Principle:Apache Paimon Schema Evolution

From Leeroopedia
Revision as of 18:07, 16 February 2026 by Admin (talk | contribs) (Auto-imported from principles/Apache_Paimon_Schema_Evolution.md)
(diff) ← Older revision | Latest revision (diff) | Newer revision → (diff)


Knowledge Sources
Domains Schema, Evolution
Last Updated 2026-02-08 00:00 GMT

Overview

Managing schema changes and evolution over time while maintaining backward compatibility through versioned schema tracking and explicit change operations.

Description

Schema evolution addresses the fundamental challenge of modifying data structure definitions in long-lived systems where historical data exists under older schemas.
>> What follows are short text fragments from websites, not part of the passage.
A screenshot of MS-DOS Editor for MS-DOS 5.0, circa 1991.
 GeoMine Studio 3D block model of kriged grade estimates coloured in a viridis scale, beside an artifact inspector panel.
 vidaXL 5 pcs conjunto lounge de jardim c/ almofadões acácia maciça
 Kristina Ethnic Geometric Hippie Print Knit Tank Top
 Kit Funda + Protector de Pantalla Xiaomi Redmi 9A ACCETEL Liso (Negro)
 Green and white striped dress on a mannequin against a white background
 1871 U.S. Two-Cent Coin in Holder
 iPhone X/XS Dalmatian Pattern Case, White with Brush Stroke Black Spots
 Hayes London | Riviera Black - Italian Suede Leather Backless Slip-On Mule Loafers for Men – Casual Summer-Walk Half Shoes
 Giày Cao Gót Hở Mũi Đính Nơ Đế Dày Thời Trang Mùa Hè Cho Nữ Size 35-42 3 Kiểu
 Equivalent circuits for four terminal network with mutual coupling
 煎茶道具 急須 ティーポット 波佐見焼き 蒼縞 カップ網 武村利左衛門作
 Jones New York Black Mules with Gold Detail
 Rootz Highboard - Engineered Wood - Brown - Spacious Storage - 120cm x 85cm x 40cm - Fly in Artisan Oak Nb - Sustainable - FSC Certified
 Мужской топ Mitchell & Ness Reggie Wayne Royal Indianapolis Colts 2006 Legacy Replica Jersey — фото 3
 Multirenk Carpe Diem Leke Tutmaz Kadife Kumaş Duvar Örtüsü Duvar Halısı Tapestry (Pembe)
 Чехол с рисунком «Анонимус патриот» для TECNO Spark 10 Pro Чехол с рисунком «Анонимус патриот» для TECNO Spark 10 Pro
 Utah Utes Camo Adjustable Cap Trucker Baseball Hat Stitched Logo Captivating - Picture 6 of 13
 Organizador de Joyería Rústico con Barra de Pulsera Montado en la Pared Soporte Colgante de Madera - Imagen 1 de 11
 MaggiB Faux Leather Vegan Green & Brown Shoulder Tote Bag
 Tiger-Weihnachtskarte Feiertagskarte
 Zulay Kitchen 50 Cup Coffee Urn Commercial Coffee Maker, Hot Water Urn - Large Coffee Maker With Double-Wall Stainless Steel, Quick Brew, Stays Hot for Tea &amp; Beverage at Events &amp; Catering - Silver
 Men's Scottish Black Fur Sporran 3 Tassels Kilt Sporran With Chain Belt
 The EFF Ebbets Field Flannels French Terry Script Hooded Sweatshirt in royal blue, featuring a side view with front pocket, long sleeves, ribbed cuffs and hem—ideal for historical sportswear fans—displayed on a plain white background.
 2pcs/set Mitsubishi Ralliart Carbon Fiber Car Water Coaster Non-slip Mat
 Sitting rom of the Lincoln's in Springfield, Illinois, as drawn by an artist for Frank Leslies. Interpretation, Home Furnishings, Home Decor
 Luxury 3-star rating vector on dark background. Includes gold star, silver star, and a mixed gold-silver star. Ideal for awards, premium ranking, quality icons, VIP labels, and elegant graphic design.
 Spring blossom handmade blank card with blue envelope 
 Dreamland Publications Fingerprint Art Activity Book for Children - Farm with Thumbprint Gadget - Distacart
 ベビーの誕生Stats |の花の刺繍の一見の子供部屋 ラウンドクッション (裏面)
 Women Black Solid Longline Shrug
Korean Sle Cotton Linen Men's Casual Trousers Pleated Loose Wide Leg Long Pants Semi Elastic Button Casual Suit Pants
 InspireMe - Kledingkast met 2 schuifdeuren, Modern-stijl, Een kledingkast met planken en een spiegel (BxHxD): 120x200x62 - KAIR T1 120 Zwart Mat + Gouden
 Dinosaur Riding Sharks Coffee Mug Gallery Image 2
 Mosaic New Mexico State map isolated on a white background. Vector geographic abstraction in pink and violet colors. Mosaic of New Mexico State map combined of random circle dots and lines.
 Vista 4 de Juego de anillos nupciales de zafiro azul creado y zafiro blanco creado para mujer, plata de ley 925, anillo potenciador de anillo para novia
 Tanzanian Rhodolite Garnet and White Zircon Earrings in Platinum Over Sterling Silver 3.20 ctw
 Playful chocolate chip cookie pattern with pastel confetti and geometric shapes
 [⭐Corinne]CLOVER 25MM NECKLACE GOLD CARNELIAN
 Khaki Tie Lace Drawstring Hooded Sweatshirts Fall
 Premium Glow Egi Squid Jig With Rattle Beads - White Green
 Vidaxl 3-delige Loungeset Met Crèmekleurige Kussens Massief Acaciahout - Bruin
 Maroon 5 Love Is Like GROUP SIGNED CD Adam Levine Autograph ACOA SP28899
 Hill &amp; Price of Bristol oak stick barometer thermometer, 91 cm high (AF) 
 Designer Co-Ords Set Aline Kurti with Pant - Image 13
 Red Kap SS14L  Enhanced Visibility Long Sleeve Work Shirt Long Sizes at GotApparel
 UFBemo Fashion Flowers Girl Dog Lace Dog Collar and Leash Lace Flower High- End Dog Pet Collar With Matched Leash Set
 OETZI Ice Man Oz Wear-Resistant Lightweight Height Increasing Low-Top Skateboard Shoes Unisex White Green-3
As business requirements change, tables need to add new columns, rename existing fields, change data types, or restructure nested objects. The schema evolution principle provides a framework for expressing these changes explicitly while ensuring that existing data remains readable and queries continue to function correctly.

Each schema version is immutably stored with a unique version identifier, creating a complete history of schema changes over the table's lifetime. When a schema change is requested, the system validates that the change is compatible with existing data and doesn't violate constraints like primary keys or partitioning columns. Compatible changes include adding nullable columns, widening numeric types, or renaming fields with proper metadata updates. Incompatible changes like dropping non-nullable columns or narrowing types require explicit data migration or are rejected.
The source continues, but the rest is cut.